Saturday, July 11, 2015

double rainbow


 The familiarity of home in Maryland was weighing on me a few weeks ago.  For some reason waves of stress and anxiety decided to fill up inside and I began to miss our simple farm life and the endless amounts of tomatoes that would be piling up on my kitchen counter right about now, and I missed my Grandma. But mashed up against these emotions were also genuine feelings of happiness to be living here in this mountain city. There is a lot of life on these streets and so much more exploring to do. You know, it's an interesting thing to want to be in two places at once.
---
Kyle and I were finishing up a walk in the woods together as a biker passed us. He was older and looked to be in good shape. He said hello and asked how we were doing, I replied with "great, how about you!" He hollered back at me, "Awesome! Best day of my life!" I loved the contentment and satisfaction wrapped up in his short statement. I want to always find that and hold it close.
---
What I need to get over is that there is only something noteworthy about the twenty-something-year-old mind process. I've always thought we are the most bold and free thinking at this stage in the game-- naive too about the world- allowing us to move forward and explore openly and without fear or hesitation. I've thought is was really important to see and do all I could during this time because it would profoundly change the way I viewed the world for the rest of my life. But the truth is- that is not true. That idea needs to leave my body and fly away with the wind because we can and should think boldly and creatively and openly all throughout our lives, and if that is the case, the adventures should never end.

---
I'm currently working at a school that Sage attends. She is in a preschool class, while I co-teach a class of three year old children. It's a play-based curriculum and my co-workers have been taught to initiate creative thinking with kids and peacefully break up arguments.  I watch them get down to eye level with the little ones and calmly talk the issues through. I'm always amazed at how well they can sift through the problem and make the situation better. I think, some of these teachers have found their calling and they are damn good at what they do. Me on the other hand, I'm taking notes. Passionately, I am not a teacher like them. Passionately, I am a photographer. But I can try to do this teacher thing for a time period. I can do it.
---
Sage is forming friendships with her classmates and seeing them play together on the playground blows my mind. The first moment I saw her little body appear almost four years ago is still so strongly fixated into my memories, I can't believe she is now at this stage -running freely around, her legs moving so fast. Her blond hair is lightening up from the sun and little freckles are forming on her nose. She tells me she wants to grow her hair long and wear earrings. The colorful sentences she speaks gives us just a little view into the world of her thoughts. I think I may always feel pressure within myself to keep fostering that part of her. I want her to always imagine. I want her to always play.

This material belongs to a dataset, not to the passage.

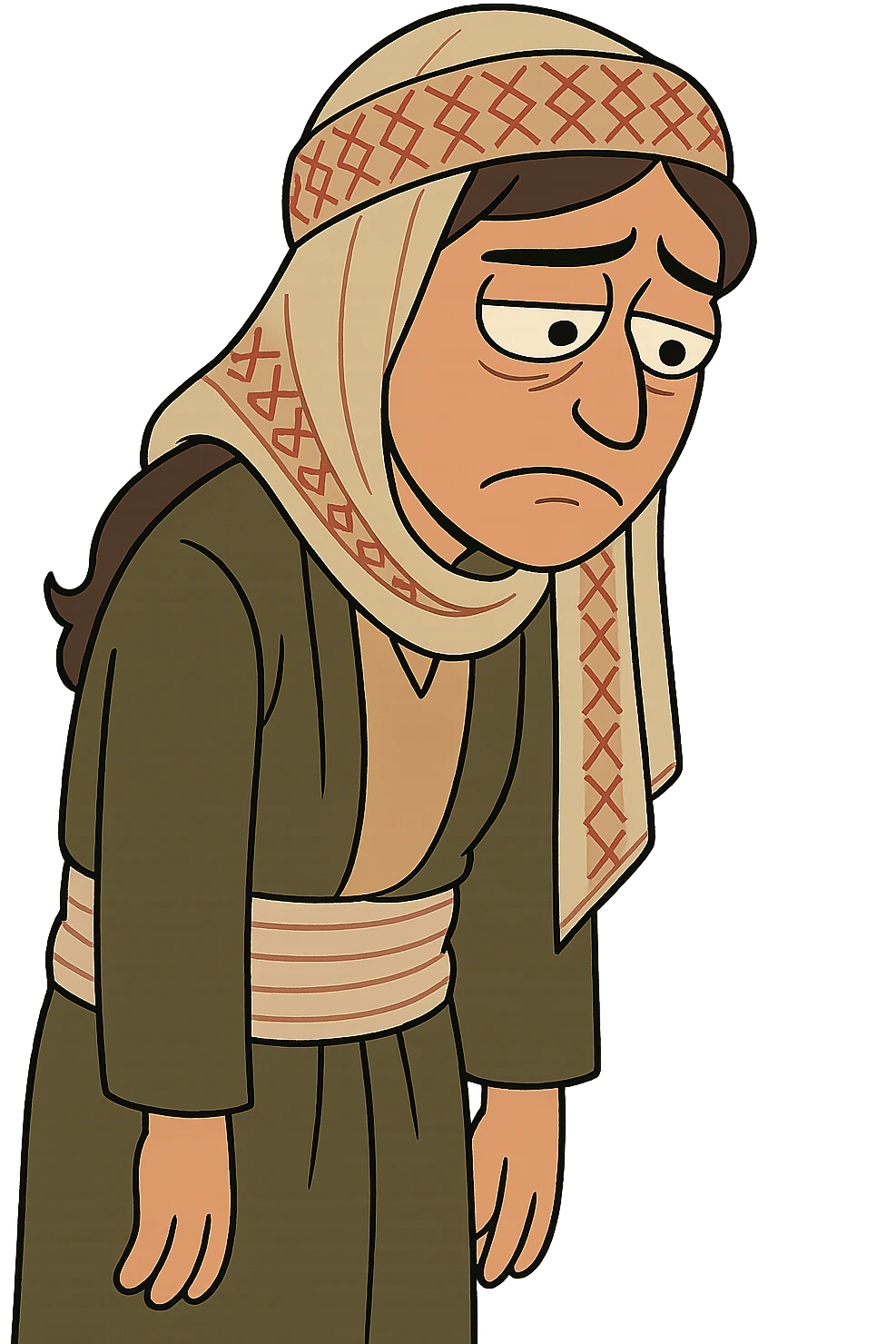 Kurdish man or woman in jamadani, cartoon style, feeling disappointed, slouched posture, sad eyes, no text emoji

Our living situation is interesting for us. Temporarily we are living in an apartment, but we are not apartment people. I love the comfort that my home-base right now brings my family, but I'm excited to find a small house with a yard. We need a garden, it's weird not seeing Kyle digging in the dirt. He's been resourceful with the space we have, though, and has found ways to utilize his passion for horticulture by creating a compost bin in our sun room and a hydroponic system for a few tomato plants. We even have a herb garden thriving in a small makeshift raised bed. I was just chopping up a few handfuls of basil for a quiche the other night and started laughing at the whole situation.

---
The evening sun shines brightly into this space causing the inside to heat up to an uncomfortable  temperature. I find myself sweating and know it's time then to turn the air conditioning on for a bit.  We eat at our kitchen table which we relocated to our living room because of its natural light. Sitting down for a meal together is special and there is no reason to sit and eat in a dark space.

As the sun goes down, I turn off the air. I re-open my windows and a mountain breeze will push in, touching my eyes and cheeks. Soon I can feel it dancing all around from room to room as I get Sage ready for bed.
---
The hum of our ceiling fan and the words from my book put me to sleep at night. I like hearing Kyle softly breath next to me and will always envy his ability to fall asleep so easily. His skin is warm and tan from his long days spent outside. Simone makes her little snort sounds from the cool bathroom floor. Sage should be tugging at my toes soon, with her pillow in hand, asking to come in our bed. I'll say yes and she'll snuggle in between us and twirl a piece of my hair the rest of the night with her finger. I'll feel loved and comfortable in that moment and think this is all so ordinary and special.